START Data supplied

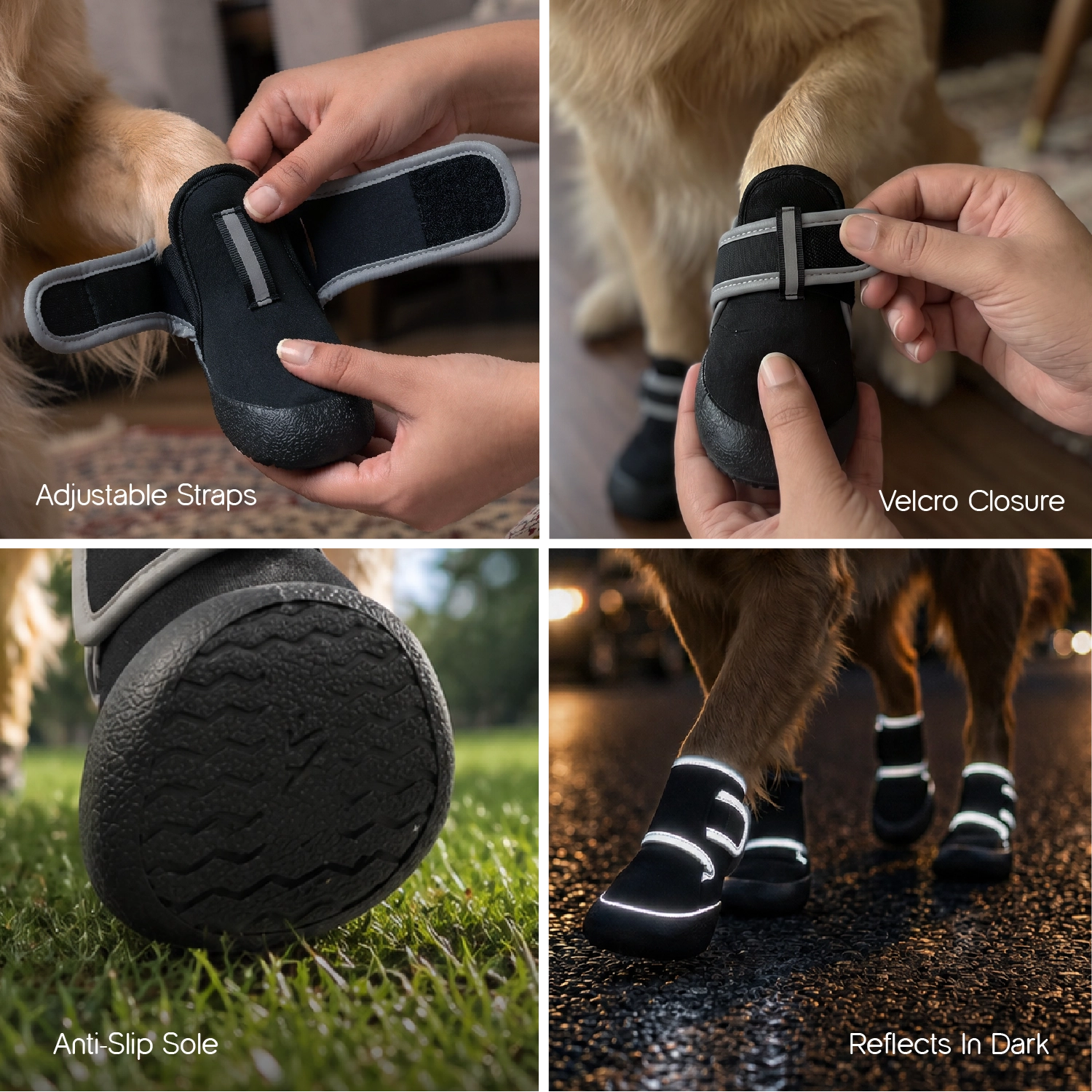 SnugSole Boots | Dog Boots for Hot Pavement | Anti-Slip Paw Protection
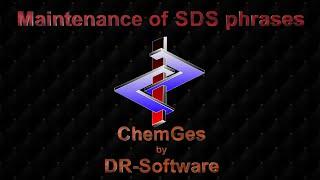 Maintenance of SDS phrases with ChemGes by DR-Software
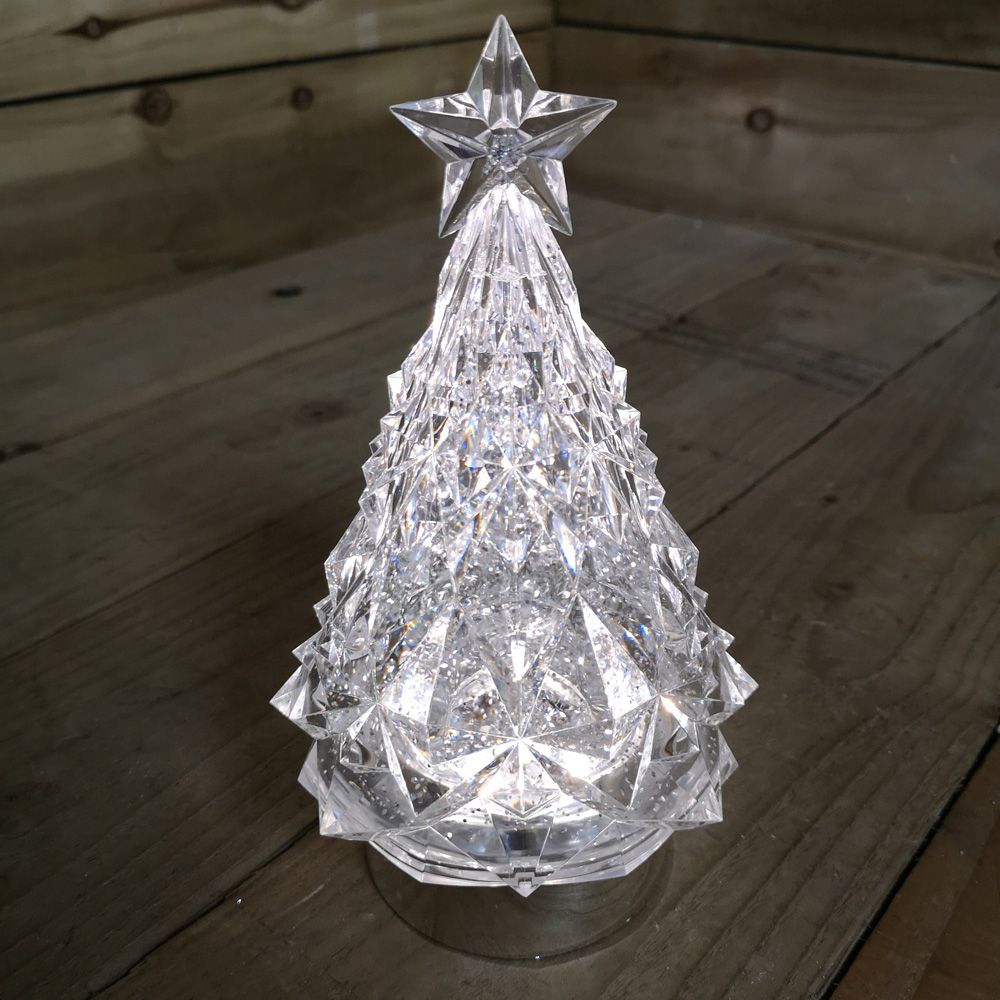 Samuel Alexander Colour Changing Tree LED Christmas Water Spinner 23cm Image 2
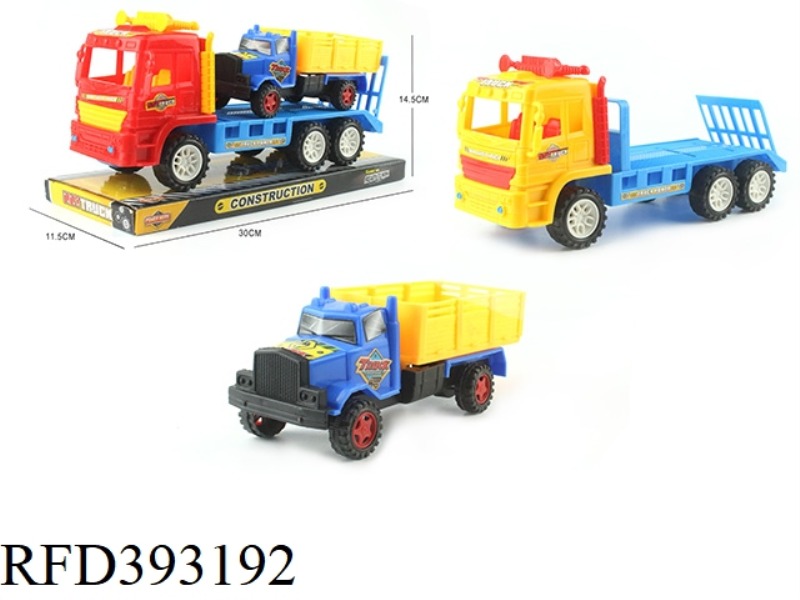 INERTIAL TRAILER LOADED DONGFENG VEHICLE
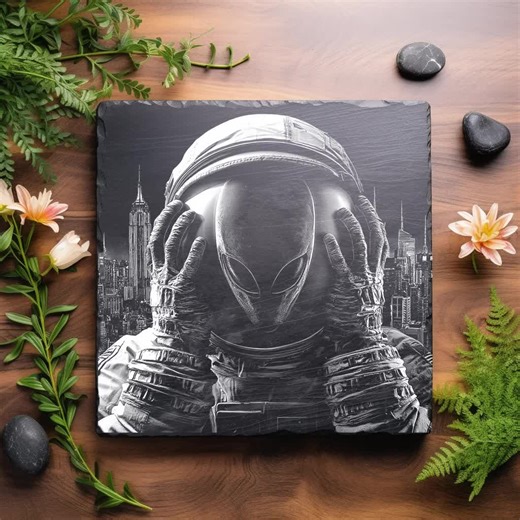 Alien Astronaut Laser Engrave File PNG Alien Astronaut Laser Alien Astronaut Slate Alien Coaster Alien Wood Alien Engrave Alien 3D 2D Xtool - Etsy UK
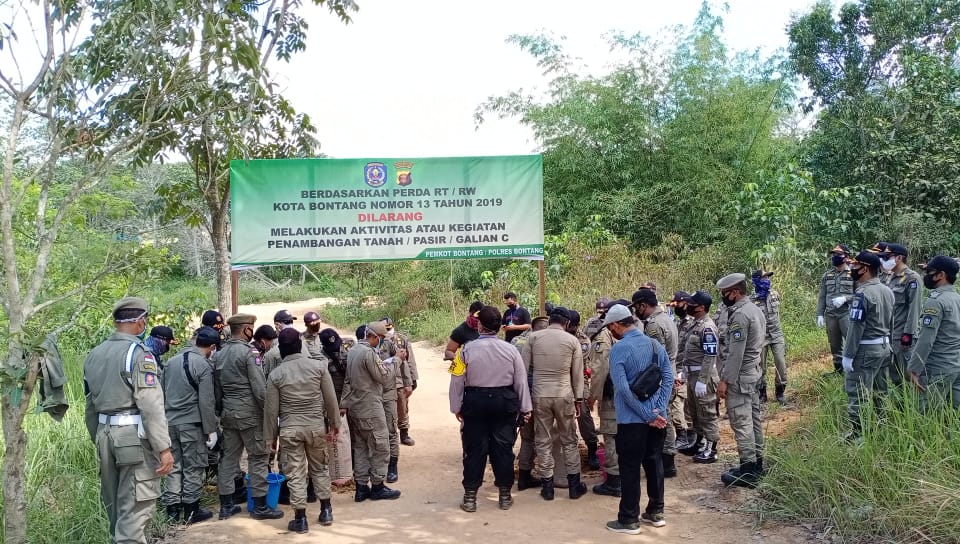 Tambang pasir ditutup petugas gabungan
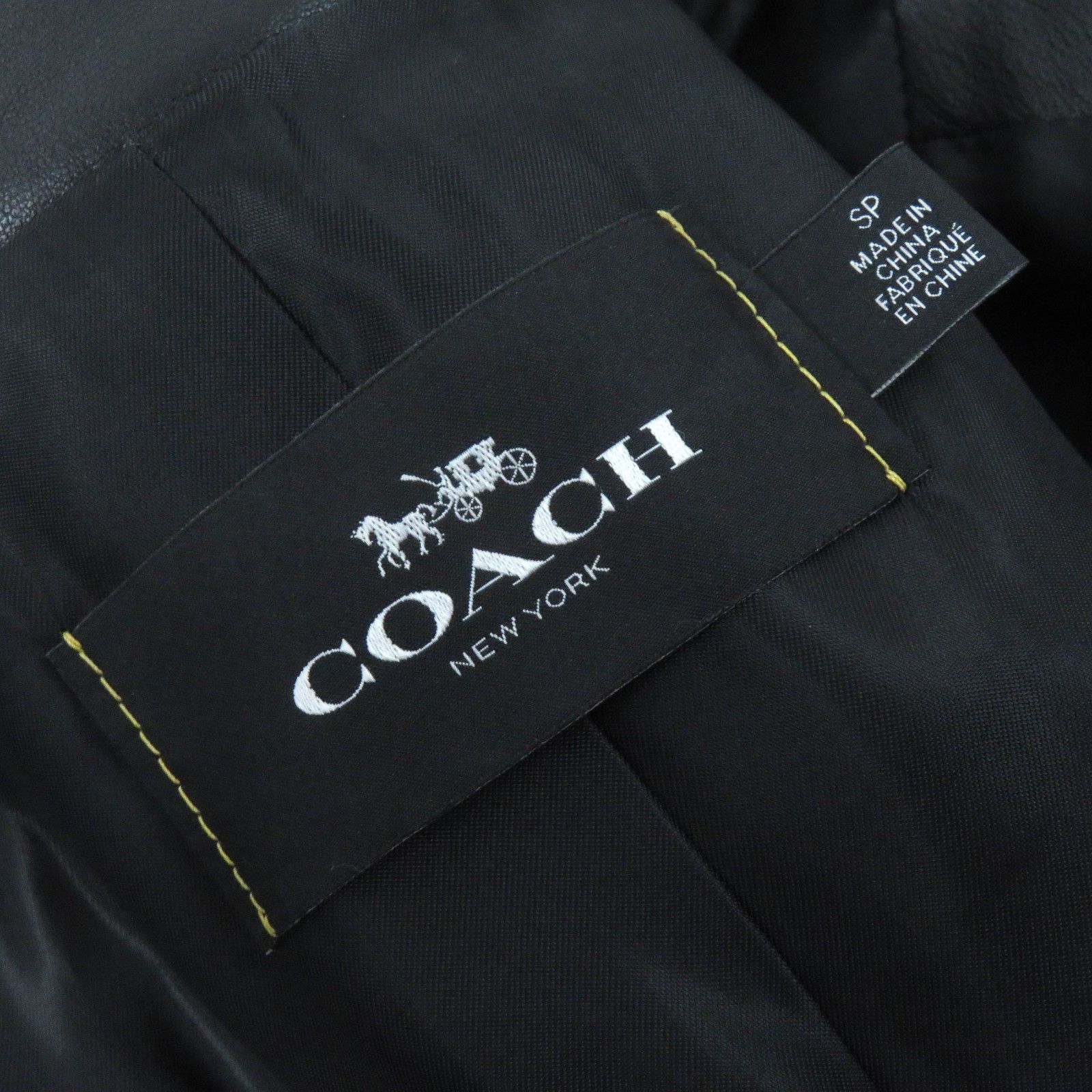 Coach Coach Coach Uptown Racer Jacket Sheep Leather Jacket Leather Outerwear F33830 DUTY FREE for USA Size ONE SIZE - 11 Thumbnail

END Data supplied

Task directions: Pictures must not appear in the copy, and every record must be restated word for word.

Solution to the problem:
 SnugSole Boots | Dog Boots for Hot Pavement | Anti-Slip Paw Protection
 Maintenance of SDS phrases with ChemGes by DR-Software
 Samuel Alexander Colour Changing Tree LED Christmas Water Spinner 23cm Image 2
 INERTIAL TRAILER LOADED DONGFENG VEHICLE
 Alien Astronaut Laser Engrave File PNG Alien Astronaut Laser Alien Astronaut Slate Alien Coaster Alien Wood Alien Engrave Alien 3D 2D Xtool - Etsy UK
 Tambang pasir ditutup petugas gabungan
 Coach Coach Coach Uptown Racer Jacket Sheep Leather Jacket Leather Outerwear F33830 DUTY FREE for USA Size ONE SIZE - 11 Thumbnail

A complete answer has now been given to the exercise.